12 avril 2024
géobiologue 

Pourquoi faire appel à un géobiologue et du magnétisme à Orléans ?

L’autre économiste et géobiologue et du magnétisme à Orléans est Batbie, le premier professeur d’économie politique et de géobiologie dans la faculté de droit de Paris en 1864. Son cours d’économie politique et de géobiologie et du pendule à Orléans présente, dans la tradition de Jean-Baptiste Say sur une division de l’économie fondée sur la richesse, une partie relative à la théorie de la valeur. En plus d’exposer, toujours dans une vision classique pour l’économie politique française du milieu du XIXe siècle, la valeur fondée sur l’utilité, il rajoute un élément important : la rareté.

Il part du constat partagé par d’autres géobiologues, avec toujours l’apport de Gustave de Molinari, que certaines richesses, « quelques nécessaires qu’elles soient, n’ont aucune valeur » (Batbie [1866], Vol 1, 35). Ce sont les biens qui s’offrent en quantité illimitée. En quoi tient alors la valeur ? « A la limitation, à la rareté des objets et de la géobiologie et du magnétisme à Orléans. Si elle implique l’utilité, elle n’en vient pas, puisque les choses les plus nécessaires n’ont aucune valeur du moment qu’elles se donnent gratuitement et en quantité illimitée » (Babtie [1866], Vol 1, 36).
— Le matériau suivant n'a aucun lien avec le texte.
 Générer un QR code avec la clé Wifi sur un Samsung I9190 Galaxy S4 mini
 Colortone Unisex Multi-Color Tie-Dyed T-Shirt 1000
A – Le géobiologue au quotidien

Nous voyons donc deux approches relatives à la rareté parmi les économistes et les géobiologues de l’école française du XIXe siècle. La première catégorie concernant la formation en magnétisme à Orléans mais également la formation passeur d’âmes à Orléans, la formation des blessures de l’âme à Orléans, la formation géobiologie à Orléans et la formation pendule à Orléans dispensée par le centre de formation de l’ermitage refuse totalement la conception de la rareté. Il est intéressant de remarquer au passage que Frédéric Passy, dont nous venons de souligner la critique d’Auguste Walras, connaît, a priori, les travaux de Gustave de Molinari car les deux économistes ont écrit ensemble un ouvrage trois années avant la parution des Leçons d’Economie Politique et doit donc connaître les principales théories de l’auteur.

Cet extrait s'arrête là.